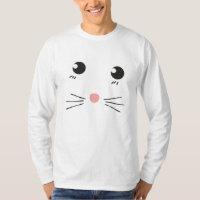 Desenho de linha de rosto de gato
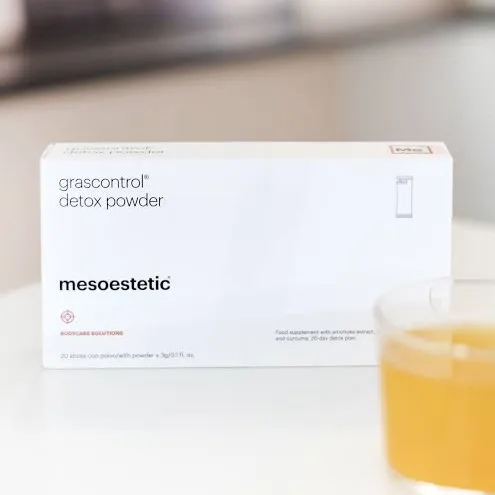 Mesoestetic grascontrol® detox powder | Toidulisand artišoki-, koore- ja kurkumiekstraktidega 20 × 3 g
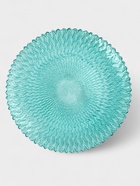 Тарелка «РЕТРО БРИЗ», d=32 см, стекло, голубая - Фото 4
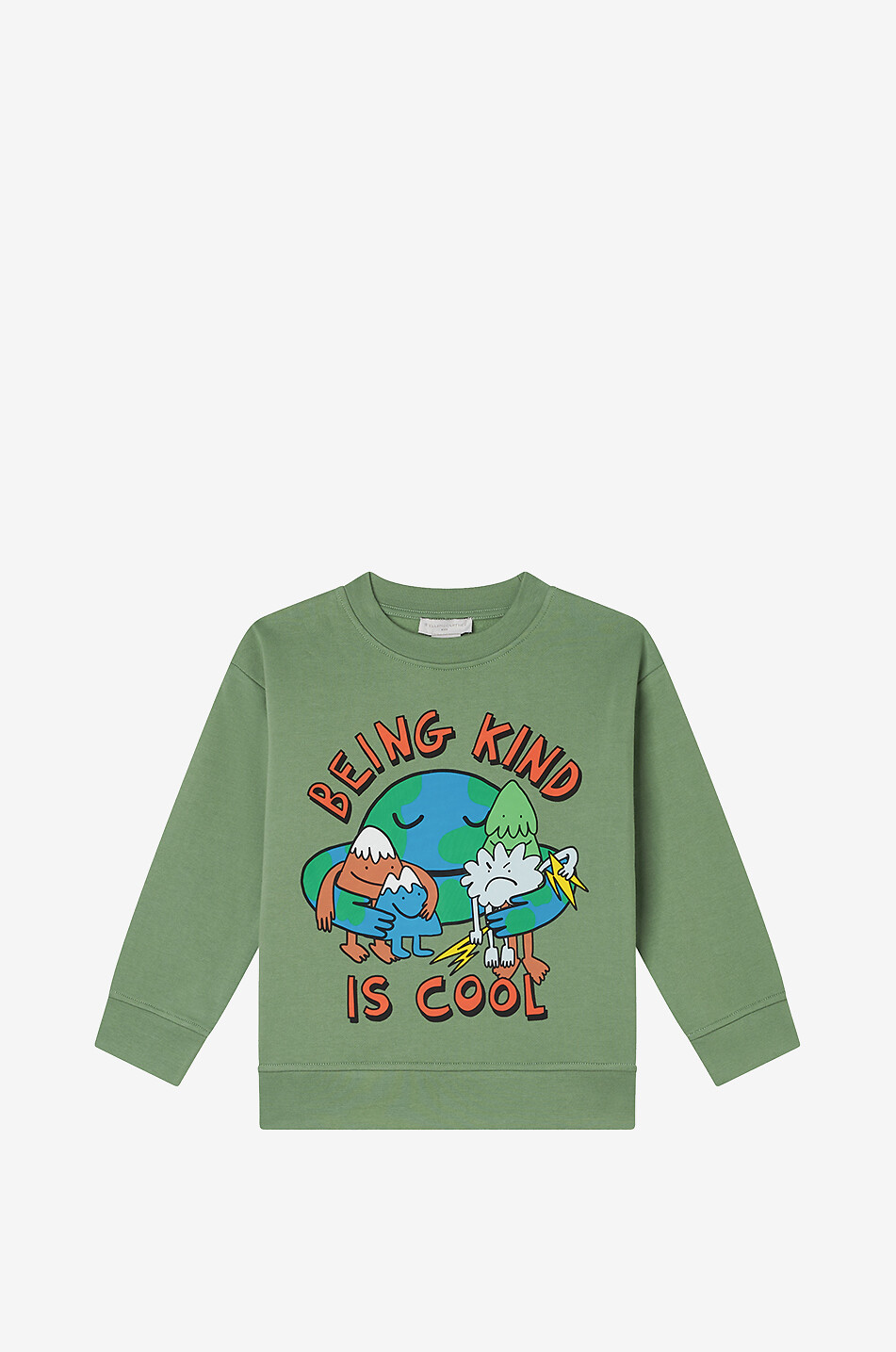 STELLA McCARTNEY KIDS Sweat-shirt é col rond garçon Being Kind Is Cool Garçon VERT 1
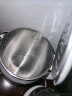 美的（Midea）电水壶热水壶316L不锈钢双层防烫一体无缝烧水壶净甜自动智能断电开水壶SH17M301PRO 实拍图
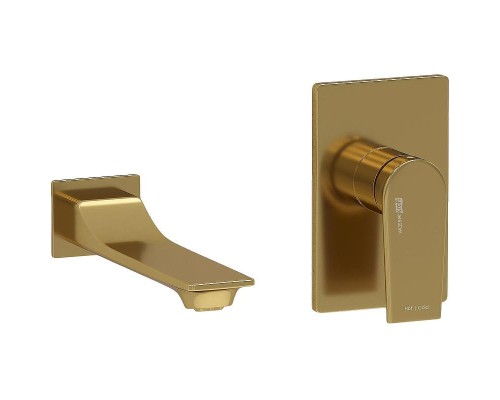 Смеситель для раковины WasserKRAFT A55543 Золото матовое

== == ==

• **Assigned task**
All text in the material above must be written out exactly; the images are to be skipped.

• **The answer**
 Desenho de linha de rosto de gato
 Mesoestetic grascontrol® detox powder | Toidulisand artišoki-, koore- ja kurkumiekstraktidega 20 × 3 g
 Тарелка «РЕТРО БРИЗ», d=32 см, стекло, голубая - Фото 4
 STELLA McCARTNEY KIDS Sweat-shirt é col rond garçon Being Kind Is Cool Garçon VERT 1
 美的（Midea）电水壶热水壶316L不锈钢双层防烫一体无缝烧水壶净甜自动智能断电开水壶SH17M301PRO 实拍图
 Смеситель для раковины WasserKRAFT A55543 Золото матовое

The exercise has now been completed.